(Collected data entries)
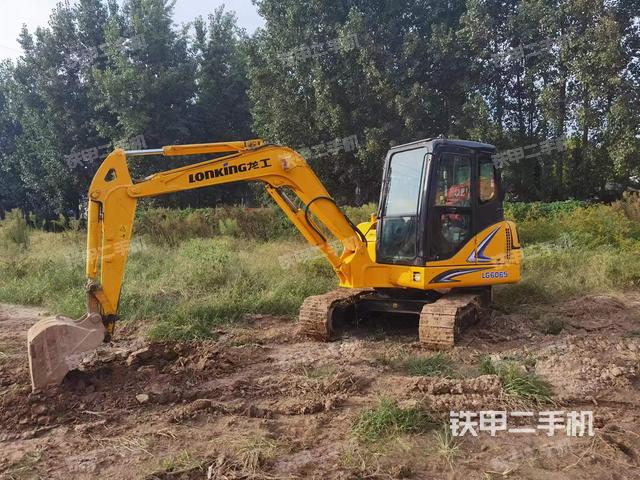 龙工LG6065挖掘机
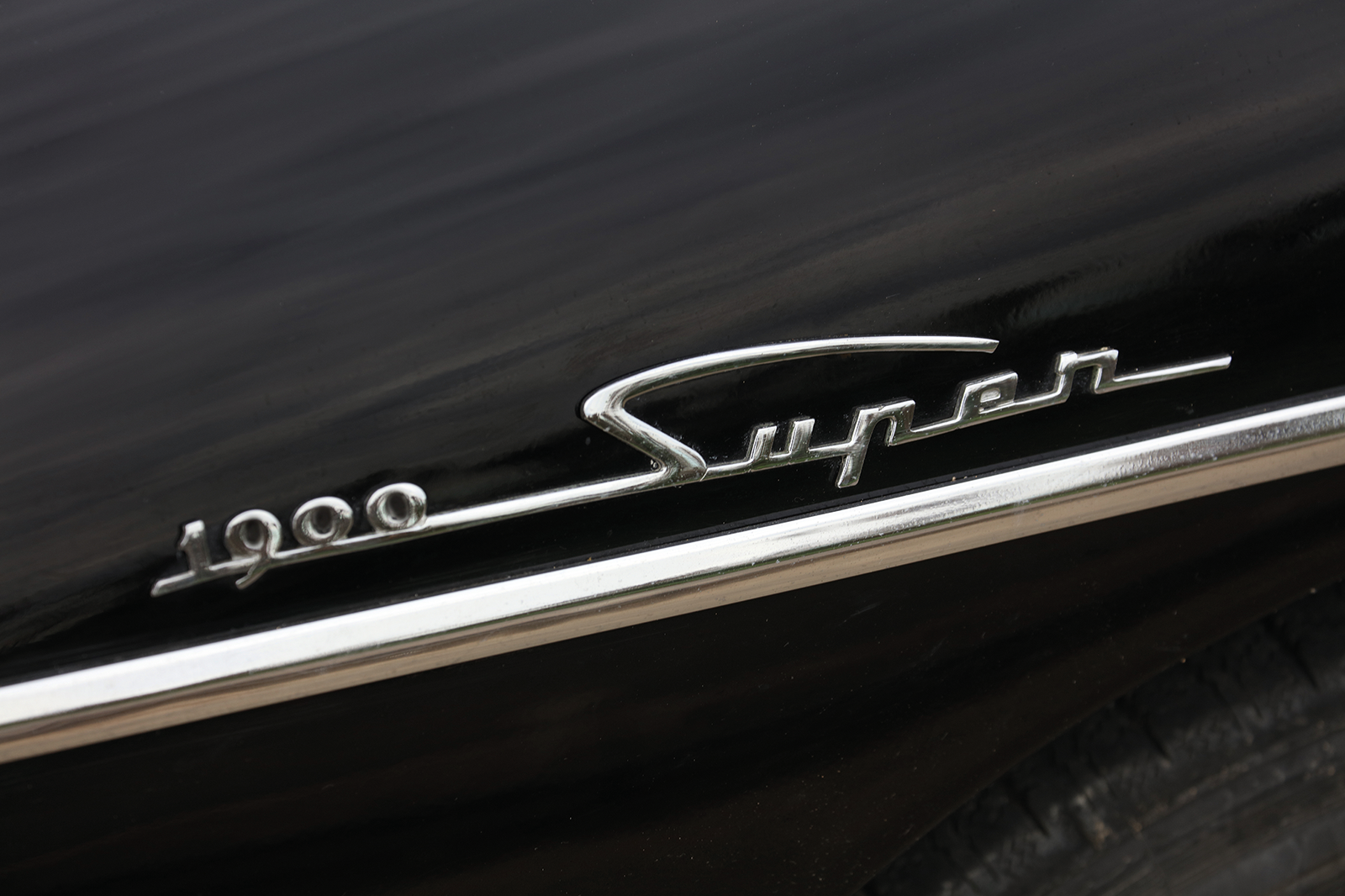 Classic & Sports Car – Alfa Romeo 1900 Super vs 2600 Berlina: Milan’s post-war saloons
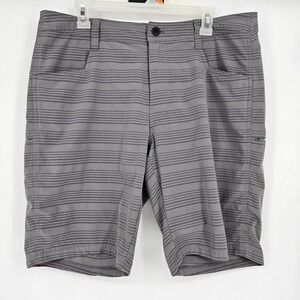 Kuhl Shorts Mens Sz 34 Gray Striped Outdoors Cargo Utility Hiking Performance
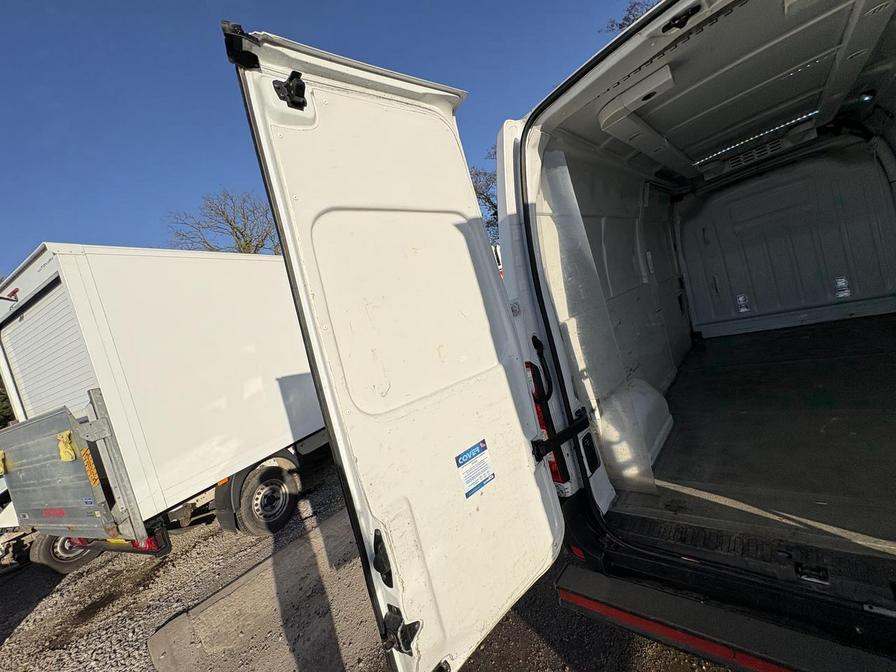 2018 Renault Master – Model: Master LM35 Business Energy dCi – MJ68ANR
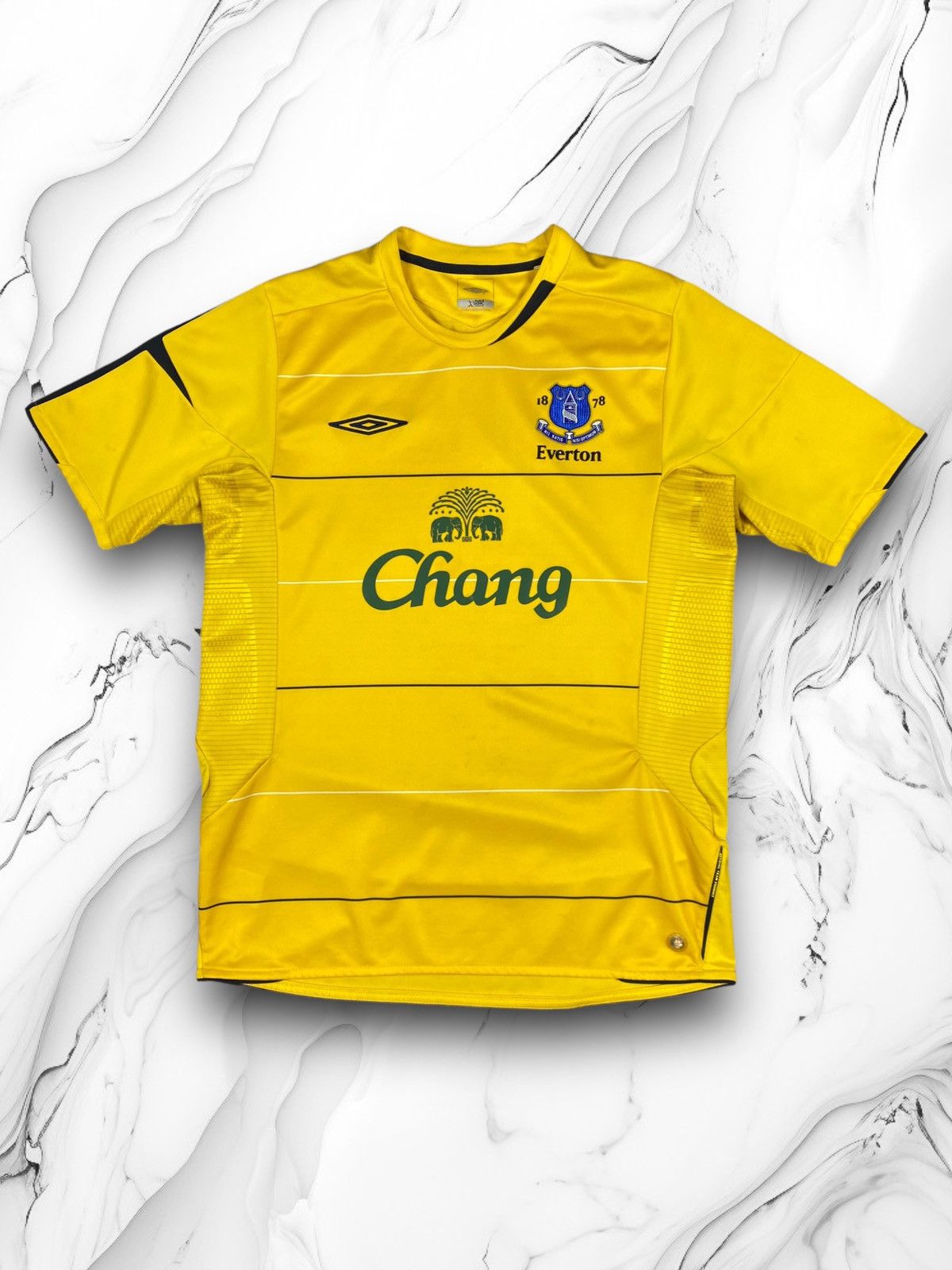 Umbro Umbro Everton England 2004 / 2005 Soccer Jersey Size US M / EU 48-50 / 2 - 1 Thumbnail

EXERCISE OBJECTIVE:
Copy every entry above exactly as it stands, but leave the pictures out.

OUTPUT:
 龙工LG6065挖掘机
 Classic & Sports Car – Alfa Romeo 1900 Super vs 2600 Berlina: Milan’s post-war saloons
 Kuhl Shorts Mens Sz 34 Gray Striped Outdoors Cargo Utility Hiking Performance
 2018 Renault Master – Model: Master LM35 Business Energy dCi – MJ68ANR
 Umbro Umbro Everton England 2004 / 2005 Soccer Jersey Size US M / EU 48-50 / 2 - 1 Thumbnail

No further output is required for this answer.